Exercise instructions – Extract the records in full, leaving every picture out.

Records for processing –
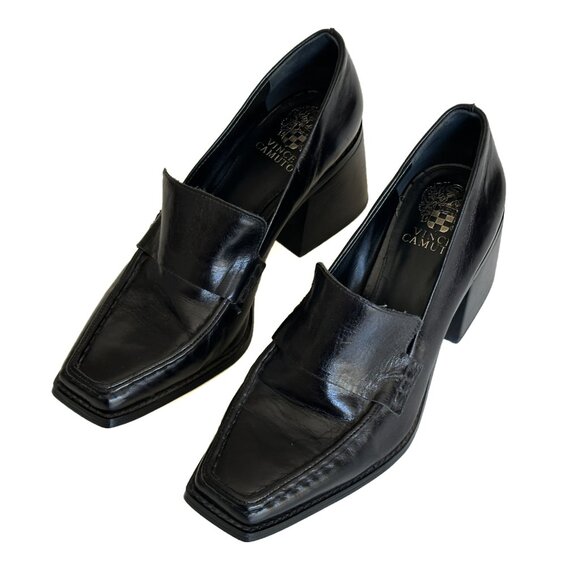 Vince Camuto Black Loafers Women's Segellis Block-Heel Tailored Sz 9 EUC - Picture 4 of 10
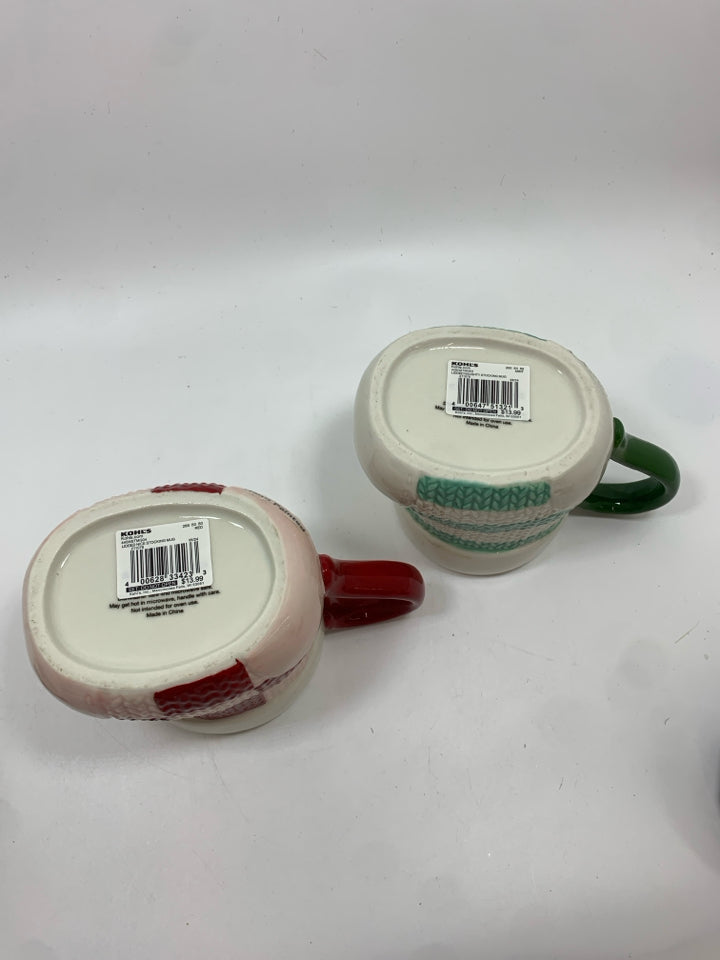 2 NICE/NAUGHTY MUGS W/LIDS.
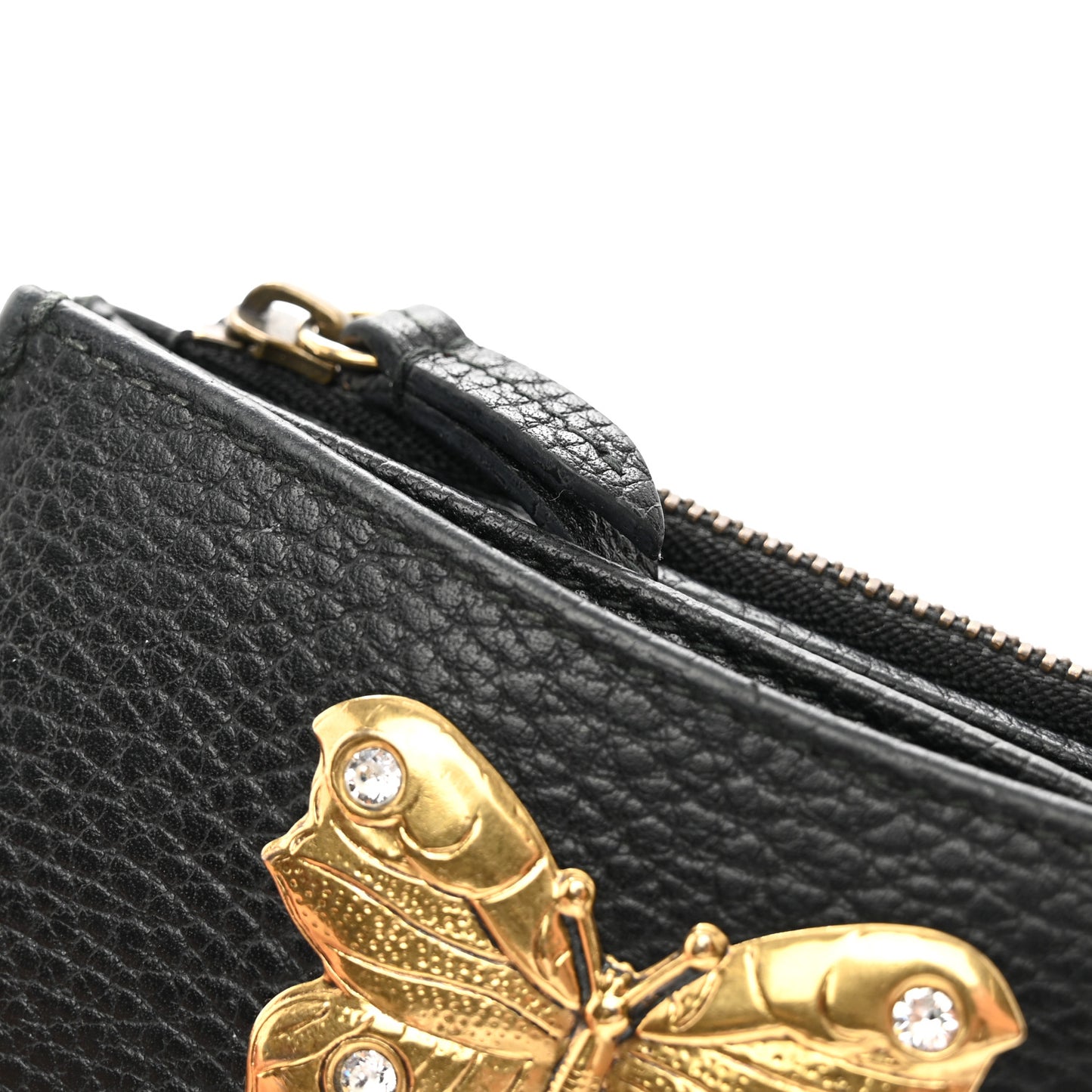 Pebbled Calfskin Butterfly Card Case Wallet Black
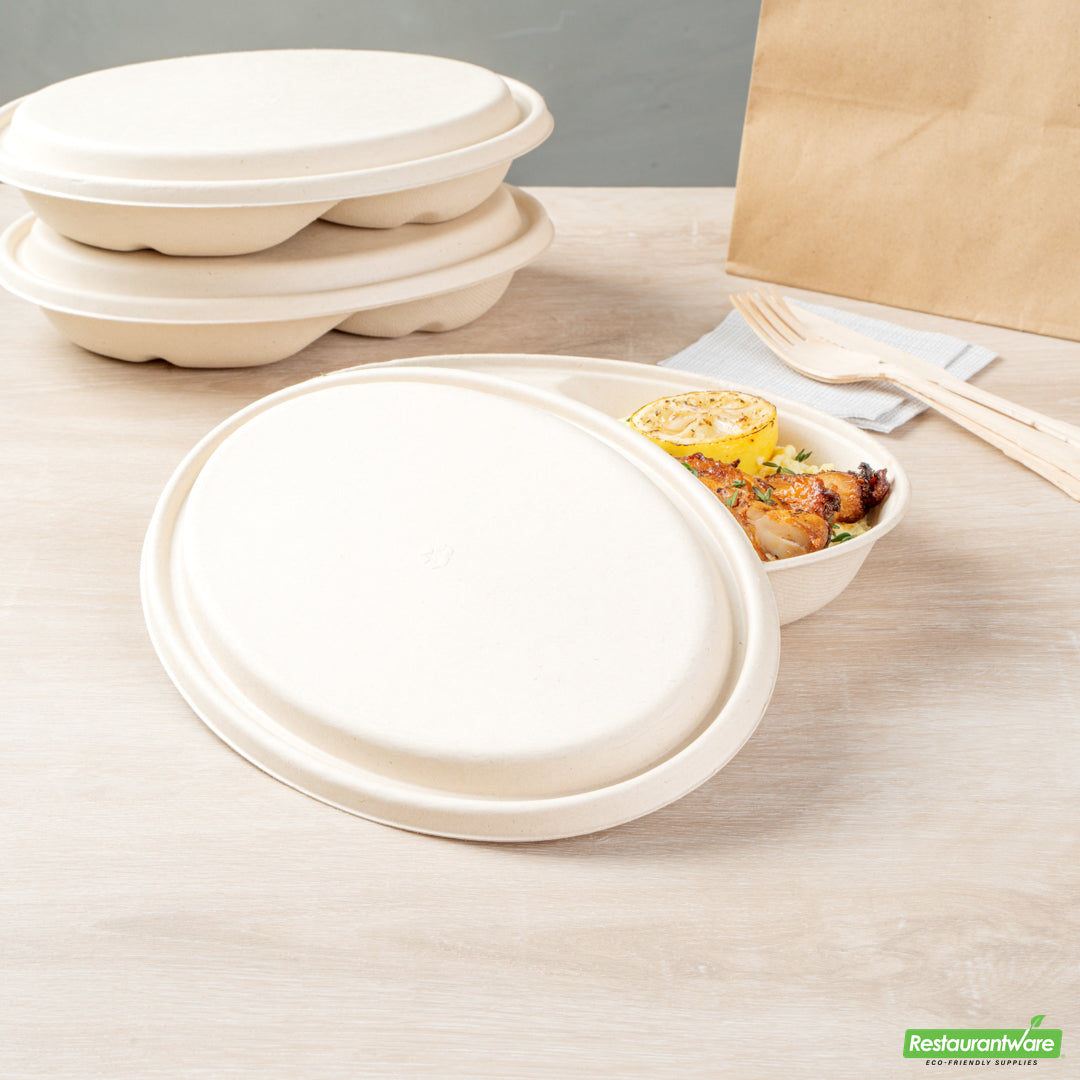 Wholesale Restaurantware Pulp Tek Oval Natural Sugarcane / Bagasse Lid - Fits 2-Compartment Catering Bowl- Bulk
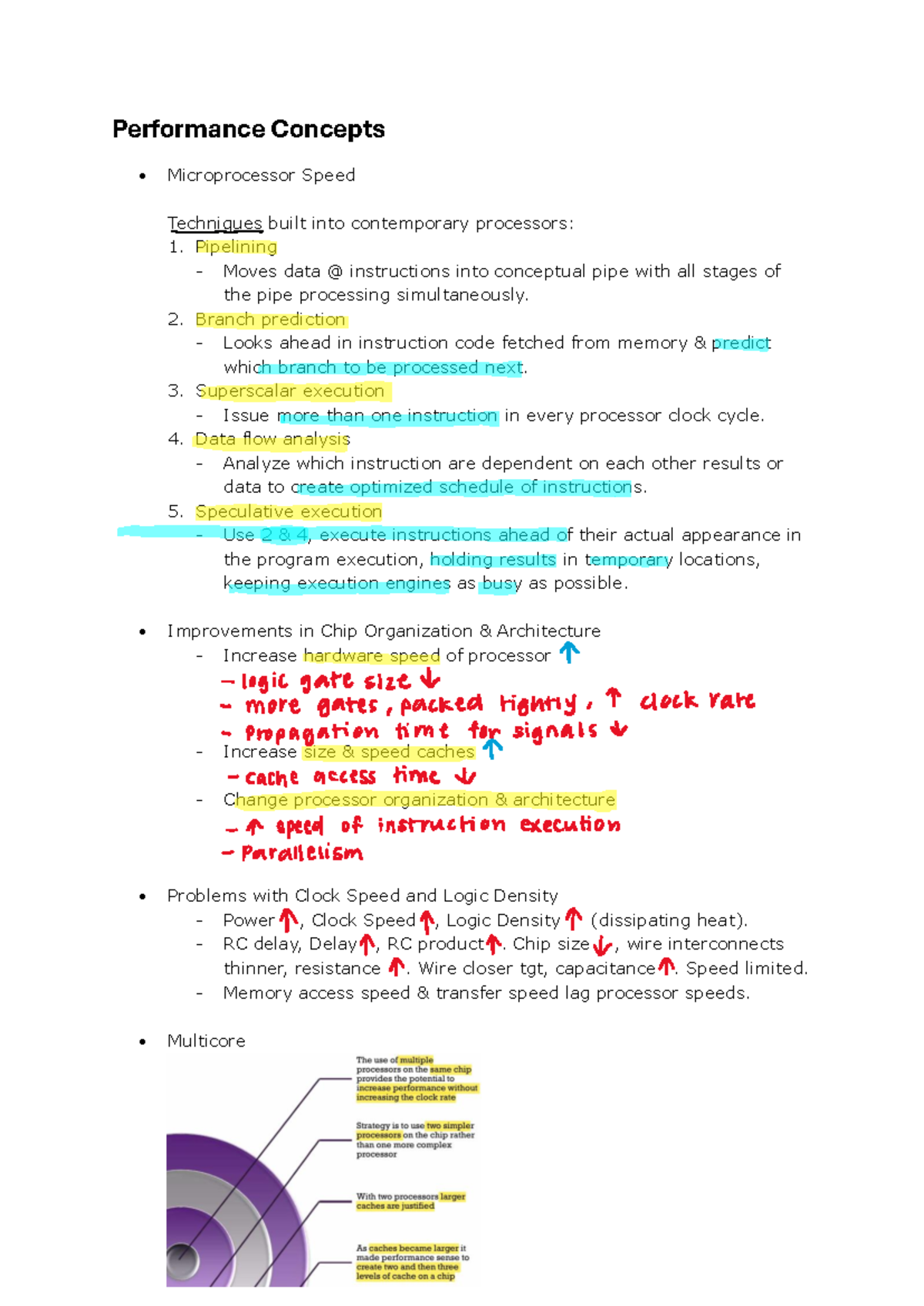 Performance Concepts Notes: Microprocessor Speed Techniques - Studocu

Answer for this exercise –
 Vince Camuto Black Loafers Women's Segellis Block-Heel Tailored Sz 9 EUC - Picture 4 of 10
 2 NICE/NAUGHTY MUGS W/LIDS.
 Pebbled Calfskin Butterfly Card Case Wallet Black
 Wholesale Restaurantware Pulp Tek Oval Natural Sugarcane / Bagasse Lid - Fits 2-Compartment Catering Bowl- Bulk
 Performance Concepts Notes: Microprocessor Speed Techniques - Studocu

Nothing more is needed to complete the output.